Nice! This is definitely a big boost for Windows users who, we now think, had never been experiencing the SIMD speedup that had been enabled by default on Linux & OSX when running on x86_64 compatible CPUs.

Are you further able to see any measurable difference between sse2 and sse4.1?

lgritz avatar Sep 12 '22 02:09 lgritz

Sorry, SSE2 support was previously enabled by default on Windows but not SSE4. Those numbers were showing the difference between SIMD being completely disabled and enabled.

Here are the numbers with just SSE2 enabled:

4096x2160 RGB file, ZIP compression: 0.5266201 seconds
4096x2160 RGB file, DWAA compression: 0.2167863 seconds

The only SSE4 code is in the ZIP decompressor so it just provides a small speedup for reading ZIP files on Windows.
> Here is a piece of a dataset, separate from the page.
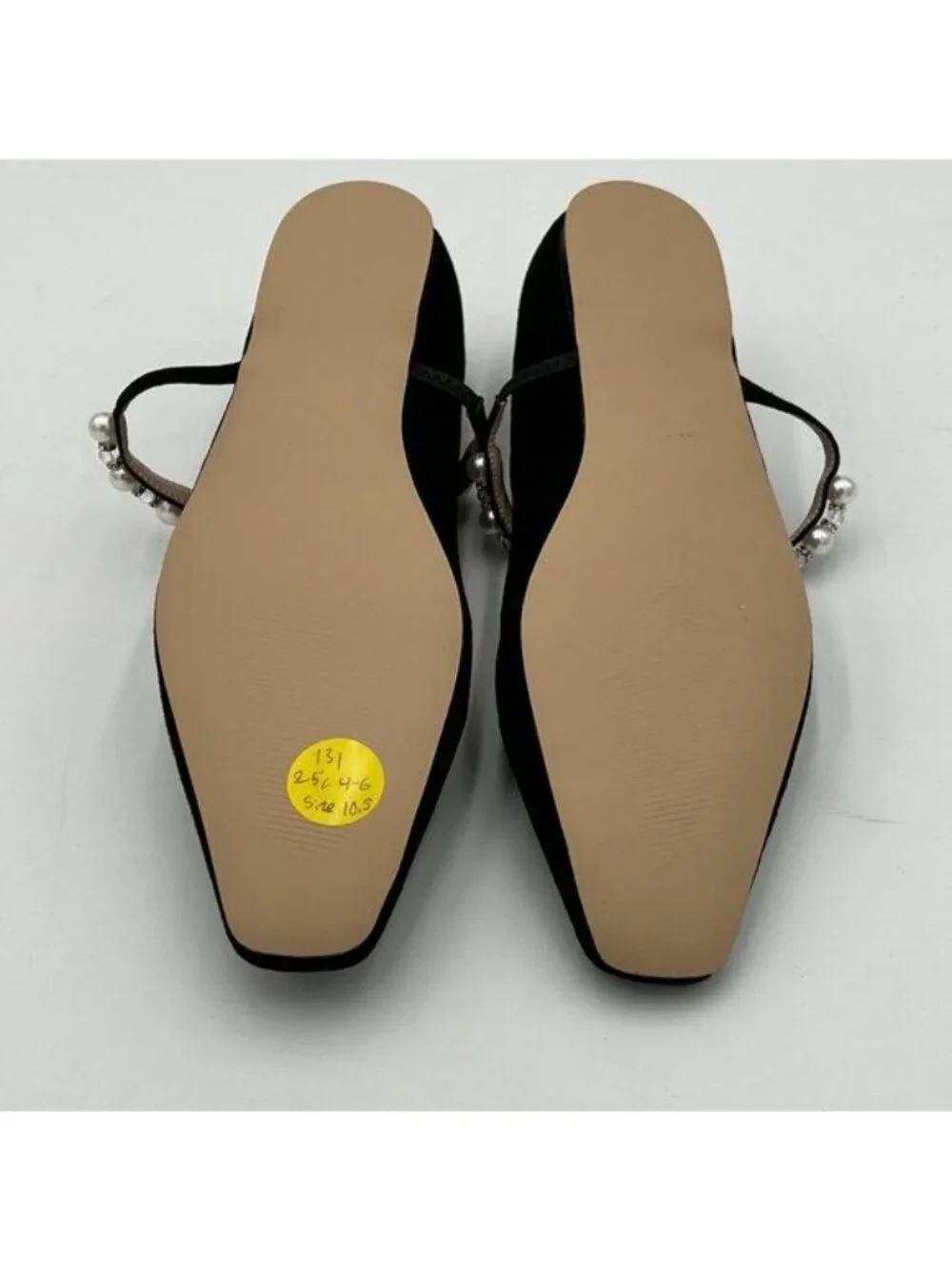 FOWT Black Square Toe Slip on Flats Pearl Studded Strap Pumps Wedding Shoes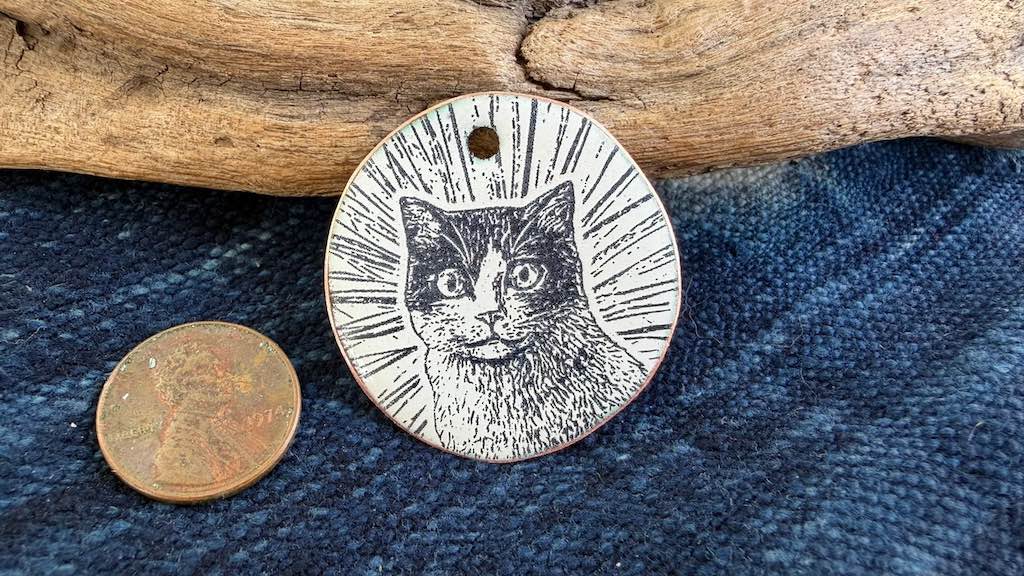 Laser-Etched Enamel Pendant by Andrew Thornton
Maybe I misunderstood, did we want the SIMD options to be completely off by default for portability? SSE2 and SSE4 both seem old enough they are safe assumptions, and with a bit more work I could add runtime checking just in case.

darbyjohnston avatar Sep 13 '22 01:09 darbyjohnston

Hi, sorry for the churn on this PR, I just updated it with more changes. I added runtime CPU detection for SSE2 and SSE4.1 in the ZIP code, similar to how the DWA code works. I also enabled SSE4.1 when the compiler is Visual Studio and the processor is x86 or x64 (which is how SSE2 currently works). I think with these changes the CMake options aren't needed? The SSE code will be compiled when possible on the host machine and enabled/disabled at runtime for the client machines, so everything happens automatically.

If these changes seem reasonable I can also add the runtime CPU detection for the only other place I think SSE is currently used, in ImfScanLineInputFile.cpp.

darbyjohnston avatar Sep 19 '22 00:09 darbyjohnston

Thanks for taking the time to review the changes, is there anything else I need to do for the code to be merged?

darbyjohnston avatar Oct 03 '22 18:10 darbyjohnston

Apologies for the delay, and thanks for the contribution! Merging now.

cary-ilm avatar Oct 11 '22 22:10 cary-ilm